## Problem to solve
Set down word for word the lines that begin the entries and run through the line containing "Character design for Marshmallow packaging". Give nothing further.
=== Data excerpts ===
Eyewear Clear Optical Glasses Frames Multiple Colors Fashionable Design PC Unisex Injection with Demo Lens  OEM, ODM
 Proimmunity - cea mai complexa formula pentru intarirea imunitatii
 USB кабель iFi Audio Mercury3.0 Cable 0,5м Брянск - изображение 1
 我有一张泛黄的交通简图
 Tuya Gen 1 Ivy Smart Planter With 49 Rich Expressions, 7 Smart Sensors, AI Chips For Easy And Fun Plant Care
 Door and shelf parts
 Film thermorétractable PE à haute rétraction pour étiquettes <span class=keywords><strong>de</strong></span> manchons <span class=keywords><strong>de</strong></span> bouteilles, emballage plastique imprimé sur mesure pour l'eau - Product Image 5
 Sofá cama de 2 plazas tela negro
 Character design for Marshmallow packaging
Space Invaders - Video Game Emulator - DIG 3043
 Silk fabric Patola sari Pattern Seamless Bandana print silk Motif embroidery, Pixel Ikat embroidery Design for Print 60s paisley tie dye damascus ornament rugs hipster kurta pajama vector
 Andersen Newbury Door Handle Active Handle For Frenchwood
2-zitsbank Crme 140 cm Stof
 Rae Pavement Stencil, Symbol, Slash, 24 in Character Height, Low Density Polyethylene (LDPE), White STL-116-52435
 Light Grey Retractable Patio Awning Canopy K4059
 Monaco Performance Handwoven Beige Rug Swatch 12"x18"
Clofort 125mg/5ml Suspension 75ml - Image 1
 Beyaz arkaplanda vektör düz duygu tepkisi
===
## Completed exercise
Eyewear Clear Optical Glasses Frames Multiple Colors Fashionable Design PC Unisex Injection with Demo Lens  OEM, ODM
 Proimmunity - cea mai complexa formula pentru intarirea imunitatii
 USB кабель iFi Audio Mercury3.0 Cable 0,5м Брянск - изображение 1
 我有一张泛黄的交通简图
 Tuya Gen 1 Ivy Smart Planter With 49 Rich Expressions, 7 Smart Sensors, AI Chips For Easy And Fun Plant Care
 Door and shelf parts
 Film thermorétractable PE à haute rétraction pour étiquettes <span class=keywords><strong>de</strong></span> manchons <span class=keywords><strong>de</strong></span> bouteilles, emballage plastique imprimé sur mesure pour l'eau - Product Image 5
 Sofá cama de 2 plazas tela negro
 Character design for Marshmallow packaging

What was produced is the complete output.